__Exercise__
Set out exactly, line by line, the stretch of data below that begins at the line containing "Приставной круглый столик" and ends at the line containing "ルチル ブレスレット タイチンルチルクォーツ ブレスレット 17mm 一点", with both ends kept.

__Given records__
● ● ● ● ●

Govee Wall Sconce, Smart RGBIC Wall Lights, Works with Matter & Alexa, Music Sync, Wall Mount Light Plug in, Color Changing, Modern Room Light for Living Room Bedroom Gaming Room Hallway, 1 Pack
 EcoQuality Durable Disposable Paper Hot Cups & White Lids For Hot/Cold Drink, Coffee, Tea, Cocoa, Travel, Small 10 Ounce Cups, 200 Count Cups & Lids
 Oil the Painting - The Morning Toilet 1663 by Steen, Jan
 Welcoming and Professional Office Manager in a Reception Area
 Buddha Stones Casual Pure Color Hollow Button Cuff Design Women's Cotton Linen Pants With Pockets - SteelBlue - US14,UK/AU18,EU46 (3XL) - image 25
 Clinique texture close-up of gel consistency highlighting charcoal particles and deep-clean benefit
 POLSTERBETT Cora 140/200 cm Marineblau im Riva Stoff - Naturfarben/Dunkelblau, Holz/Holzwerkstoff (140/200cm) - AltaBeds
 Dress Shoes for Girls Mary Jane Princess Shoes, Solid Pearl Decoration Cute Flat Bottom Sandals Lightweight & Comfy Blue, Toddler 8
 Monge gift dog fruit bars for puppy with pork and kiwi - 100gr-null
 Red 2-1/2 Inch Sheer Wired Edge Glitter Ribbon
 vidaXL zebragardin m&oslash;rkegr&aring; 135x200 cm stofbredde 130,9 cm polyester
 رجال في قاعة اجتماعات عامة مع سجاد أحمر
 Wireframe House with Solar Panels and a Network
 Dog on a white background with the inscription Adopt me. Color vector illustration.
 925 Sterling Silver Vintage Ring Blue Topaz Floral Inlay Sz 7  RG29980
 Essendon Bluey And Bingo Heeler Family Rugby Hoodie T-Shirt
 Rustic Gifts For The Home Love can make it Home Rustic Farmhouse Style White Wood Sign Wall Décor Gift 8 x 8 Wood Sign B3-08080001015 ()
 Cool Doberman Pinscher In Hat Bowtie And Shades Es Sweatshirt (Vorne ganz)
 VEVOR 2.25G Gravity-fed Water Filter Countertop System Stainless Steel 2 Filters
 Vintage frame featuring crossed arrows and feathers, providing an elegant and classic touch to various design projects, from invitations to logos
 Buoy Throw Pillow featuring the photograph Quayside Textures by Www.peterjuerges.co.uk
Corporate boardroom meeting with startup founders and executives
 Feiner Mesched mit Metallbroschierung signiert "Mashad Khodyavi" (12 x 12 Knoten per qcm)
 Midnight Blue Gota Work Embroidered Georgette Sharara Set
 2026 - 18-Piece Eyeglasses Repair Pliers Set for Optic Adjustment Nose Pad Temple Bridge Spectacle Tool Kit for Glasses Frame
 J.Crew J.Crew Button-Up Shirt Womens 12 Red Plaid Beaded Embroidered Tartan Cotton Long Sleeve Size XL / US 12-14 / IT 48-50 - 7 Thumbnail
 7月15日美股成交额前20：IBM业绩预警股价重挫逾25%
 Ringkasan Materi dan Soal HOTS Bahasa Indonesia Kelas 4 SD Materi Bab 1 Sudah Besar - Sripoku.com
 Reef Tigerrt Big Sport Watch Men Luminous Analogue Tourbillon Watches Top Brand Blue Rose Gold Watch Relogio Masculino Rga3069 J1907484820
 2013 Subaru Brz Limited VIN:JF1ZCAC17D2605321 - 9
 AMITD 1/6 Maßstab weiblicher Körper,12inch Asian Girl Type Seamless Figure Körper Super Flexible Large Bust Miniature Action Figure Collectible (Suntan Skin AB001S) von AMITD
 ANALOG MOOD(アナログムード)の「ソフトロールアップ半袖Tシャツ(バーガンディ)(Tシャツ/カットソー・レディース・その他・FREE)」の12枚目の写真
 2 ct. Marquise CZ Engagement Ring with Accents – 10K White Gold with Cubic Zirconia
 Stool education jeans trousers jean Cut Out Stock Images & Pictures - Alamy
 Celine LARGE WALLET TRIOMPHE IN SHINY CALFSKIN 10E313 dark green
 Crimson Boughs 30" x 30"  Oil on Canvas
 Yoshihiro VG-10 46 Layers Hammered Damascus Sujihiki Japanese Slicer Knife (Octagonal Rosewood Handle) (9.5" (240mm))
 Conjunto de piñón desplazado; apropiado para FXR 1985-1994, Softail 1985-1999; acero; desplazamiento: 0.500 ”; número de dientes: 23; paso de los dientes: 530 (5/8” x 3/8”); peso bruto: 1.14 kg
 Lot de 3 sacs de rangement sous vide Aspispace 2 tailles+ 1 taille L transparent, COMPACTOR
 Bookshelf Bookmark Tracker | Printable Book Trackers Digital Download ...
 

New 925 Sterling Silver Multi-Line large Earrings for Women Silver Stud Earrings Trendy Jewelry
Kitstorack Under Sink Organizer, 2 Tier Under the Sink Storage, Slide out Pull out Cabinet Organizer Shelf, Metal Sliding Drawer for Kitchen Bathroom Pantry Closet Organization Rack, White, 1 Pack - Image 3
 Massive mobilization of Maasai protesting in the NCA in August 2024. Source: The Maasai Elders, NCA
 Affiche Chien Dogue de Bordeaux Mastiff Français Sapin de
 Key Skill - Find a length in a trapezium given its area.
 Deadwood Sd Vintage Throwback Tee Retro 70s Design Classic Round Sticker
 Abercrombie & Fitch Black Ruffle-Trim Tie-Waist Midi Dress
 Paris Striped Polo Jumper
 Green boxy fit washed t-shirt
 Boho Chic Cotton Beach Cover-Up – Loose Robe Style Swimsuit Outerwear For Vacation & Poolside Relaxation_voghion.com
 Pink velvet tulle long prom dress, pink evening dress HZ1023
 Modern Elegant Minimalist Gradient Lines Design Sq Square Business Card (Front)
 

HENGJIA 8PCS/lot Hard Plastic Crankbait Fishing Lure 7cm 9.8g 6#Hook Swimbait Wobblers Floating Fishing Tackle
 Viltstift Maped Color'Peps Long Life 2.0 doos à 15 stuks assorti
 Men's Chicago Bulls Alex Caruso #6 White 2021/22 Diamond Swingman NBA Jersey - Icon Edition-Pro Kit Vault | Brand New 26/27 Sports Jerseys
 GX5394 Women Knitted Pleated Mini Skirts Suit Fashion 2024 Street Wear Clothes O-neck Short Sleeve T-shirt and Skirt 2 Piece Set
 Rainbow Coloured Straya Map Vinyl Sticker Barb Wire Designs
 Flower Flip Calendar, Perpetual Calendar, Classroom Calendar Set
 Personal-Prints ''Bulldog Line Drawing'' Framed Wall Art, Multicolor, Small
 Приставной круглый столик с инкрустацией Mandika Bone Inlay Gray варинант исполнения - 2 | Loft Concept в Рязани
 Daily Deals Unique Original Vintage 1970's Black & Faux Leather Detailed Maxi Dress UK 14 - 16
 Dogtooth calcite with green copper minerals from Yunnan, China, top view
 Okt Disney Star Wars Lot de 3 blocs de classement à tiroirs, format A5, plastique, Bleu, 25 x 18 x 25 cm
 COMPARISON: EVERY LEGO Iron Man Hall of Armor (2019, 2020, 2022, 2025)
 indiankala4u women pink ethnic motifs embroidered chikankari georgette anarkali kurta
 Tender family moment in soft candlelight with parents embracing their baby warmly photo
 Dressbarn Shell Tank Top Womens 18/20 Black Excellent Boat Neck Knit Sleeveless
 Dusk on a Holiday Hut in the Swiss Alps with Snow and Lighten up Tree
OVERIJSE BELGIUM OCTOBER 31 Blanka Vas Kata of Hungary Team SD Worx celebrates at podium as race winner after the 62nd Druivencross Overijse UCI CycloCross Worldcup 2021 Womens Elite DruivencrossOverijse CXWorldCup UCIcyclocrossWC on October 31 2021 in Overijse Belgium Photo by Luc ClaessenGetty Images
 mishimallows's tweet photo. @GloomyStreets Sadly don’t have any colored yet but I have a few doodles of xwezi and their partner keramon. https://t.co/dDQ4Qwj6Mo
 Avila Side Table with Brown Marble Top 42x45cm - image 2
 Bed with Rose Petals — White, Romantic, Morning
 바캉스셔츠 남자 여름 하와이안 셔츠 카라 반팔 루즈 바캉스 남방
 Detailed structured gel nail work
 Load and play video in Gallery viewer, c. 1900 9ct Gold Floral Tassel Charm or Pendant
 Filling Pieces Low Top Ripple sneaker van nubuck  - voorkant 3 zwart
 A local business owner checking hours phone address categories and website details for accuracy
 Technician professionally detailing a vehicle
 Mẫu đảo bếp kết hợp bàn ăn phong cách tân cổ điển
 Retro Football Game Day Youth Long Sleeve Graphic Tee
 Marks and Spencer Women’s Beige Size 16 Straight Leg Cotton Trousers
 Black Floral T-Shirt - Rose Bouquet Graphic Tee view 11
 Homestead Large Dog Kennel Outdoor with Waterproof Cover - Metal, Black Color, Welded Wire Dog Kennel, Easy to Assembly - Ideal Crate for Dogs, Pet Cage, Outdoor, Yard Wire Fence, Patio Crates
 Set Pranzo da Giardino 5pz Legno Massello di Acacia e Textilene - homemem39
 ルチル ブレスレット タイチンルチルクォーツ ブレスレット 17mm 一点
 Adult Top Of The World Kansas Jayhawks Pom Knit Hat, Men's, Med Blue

● ● ● ● ●

__The completed task__
 Приставной круглый столик с инкрустацией Mandika Bone Inlay Gray варинант исполнения - 2 | Loft Concept в Рязани
 Daily Deals Unique Original Vintage 1970's Black & Faux Leather Detailed Maxi Dress UK 14 - 16
 Dogtooth calcite with green copper minerals from Yunnan, China, top view
 Okt Disney Star Wars Lot de 3 blocs de classement à tiroirs, format A5, plastique, Bleu, 25 x 18 x 25 cm
 COMPARISON: EVERY LEGO Iron Man Hall of Armor (2019, 2020, 2022, 2025)
 indiankala4u women pink ethnic motifs embroidered chikankari georgette anarkali kurta
 Tender family moment in soft candlelight with parents embracing their baby warmly photo
 Dressbarn Shell Tank Top Womens 18/20 Black Excellent Boat Neck Knit Sleeveless
 Dusk on a Holiday Hut in the Swiss Alps with Snow and Lighten up Tree
OVERIJSE BELGIUM OCTOBER 31 Blanka Vas Kata of Hungary Team SD Worx celebrates at podium as race winner after the 62nd Druivencross Overijse UCI CycloCross Worldcup 2021 Womens Elite DruivencrossOverijse CXWorldCup UCIcyclocrossWC on October 31 2021 in Overijse Belgium Photo by Luc ClaessenGetty Images
 mishimallows's tweet photo. @GloomyStreets Sadly don’t have any colored yet but I have a few doodles of xwezi and their partner keramon. https://t.co/dDQ4Qwj6Mo
 Avila Side Table with Brown Marble Top 42x45cm - image 2
 Bed with Rose Petals — White, Romantic, Morning
 바캉스셔츠 남자 여름 하와이안 셔츠 카라 반팔 루즈 바캉스 남방
 Detailed structured gel nail work
 Load and play video in Gallery viewer, c. 1900 9ct Gold Floral Tassel Charm or Pendant
 Filling Pieces Low Top Ripple sneaker van nubuck  - voorkant 3 zwart
 A local business owner checking hours phone address categories and website details for accuracy
 Technician professionally detailing a vehicle
 Mẫu đảo bếp kết hợp bàn ăn phong cách tân cổ điển
 Retro Football Game Day Youth Long Sleeve Graphic Tee
 Marks and Spencer Women’s Beige Size 16 Straight Leg Cotton Trousers
 Black Floral T-Shirt - Rose Bouquet Graphic Tee view 11
 Homestead Large Dog Kennel Outdoor with Waterproof Cover - Metal, Black Color, Welded Wire Dog Kennel, Easy to Assembly - Ideal Crate for Dogs, Pet Cage, Outdoor, Yard Wire Fence, Patio Crates
 Set Pranzo da Giardino 5pz Legno Massello di Acacia e Textilene - homemem39
 ルチル ブレスレット タイチンルチルクォーツ ブレスレット 17mm 一点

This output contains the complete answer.